Trinker, that heat map looks good. The scales are all the same now so when I look at a certain point on one graph then I know it's the same time point on the other graph, but a nice transformation of the data now would be to look at a time point (say Dason at 8 PM) across all the days. Maybe just take the median value. Do that for all time points. Then we'd have a composite single graph representing what hour people are the busiest. With Vinux's star graph, this composite can also be done by day, so we can see which hour people are most active on a given day given all the days data we have.

trinker

ggplot2orBust
@BG I tried median and it wasn't informative except for three people so I used mean instead.

Code:
ggplot(x3, aes(hour, person, group=person)) + geom_tile(aes(fill = rescale),
colour = "white") + scale_fill_gradient(low = "white",
high = "darkblue") + theme_grey() + labs(x = "",
y = "") + scale_x_discrete(expand = c(0, 0)) +
scale_y_discrete(expand = c(0, 0)) + theme(legend.position = "none",
axis.ticks = element_blank(), axis.text.x = element_text(angle = -90,
vjust = .1, colour = "grey50"))

spunky

Can't make spagetti
lol @ trinker & Dason being close together... the eternal battle of the bots VS the raptors will continue forever...

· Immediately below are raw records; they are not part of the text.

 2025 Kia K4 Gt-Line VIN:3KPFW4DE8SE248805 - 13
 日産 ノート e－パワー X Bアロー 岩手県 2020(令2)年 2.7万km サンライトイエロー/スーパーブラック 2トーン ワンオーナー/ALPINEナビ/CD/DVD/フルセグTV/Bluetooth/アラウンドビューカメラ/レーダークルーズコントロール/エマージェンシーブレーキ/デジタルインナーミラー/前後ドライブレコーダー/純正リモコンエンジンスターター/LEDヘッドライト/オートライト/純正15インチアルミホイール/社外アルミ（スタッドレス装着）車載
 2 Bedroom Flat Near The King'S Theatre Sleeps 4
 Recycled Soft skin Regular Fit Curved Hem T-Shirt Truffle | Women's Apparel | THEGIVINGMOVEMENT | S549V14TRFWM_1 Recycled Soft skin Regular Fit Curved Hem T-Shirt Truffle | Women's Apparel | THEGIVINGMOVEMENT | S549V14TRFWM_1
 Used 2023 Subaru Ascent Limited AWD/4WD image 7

ps- so... why am i associated with jimmy brooks?

trinker

ggplot2orBust
If you're talking about Vinux's it's because you both speak during the same time intervals. However we don't know if it's on the same day. Also Jimmy Brooks has almost no words spoken (see below):

This gives some basic word statistics (ignore sentence because I didn't break it up by sentence; that's more our turns of talk or chat inputs).
Code:
library(qdap); library(talkstats)
dat <- ts_chatbox()
with(dat, word_stats(dialogue, person))
Here's a link to a txt data frame of the stats as it's pretty long: LINK

vinux

Dark Knight
If you're talking about Vinux's it's because you both speak during the same time intervals. However we don't know if it's on the same day. Also Jimmy Brooks has almost no words spoken (see below):

This gives some basic word statistics (ignore sentence because I didn't break it up by sentence; that's more our turns of talk or chat inputs).
Code:
library(qdap); library(talkstats)
dat <- ts_chatbox()
with(dat, word_stats(dialogue, person))
Here's a link to a txt data frame of the stats as it's pretty long: LINK
Trinker, I used the old data for my last graphs, where jimmy was one other top ten. For clustering my idea was to identify the timezone (Just because we have the reference so it can easily comparable). I mean the variable I have created in that way.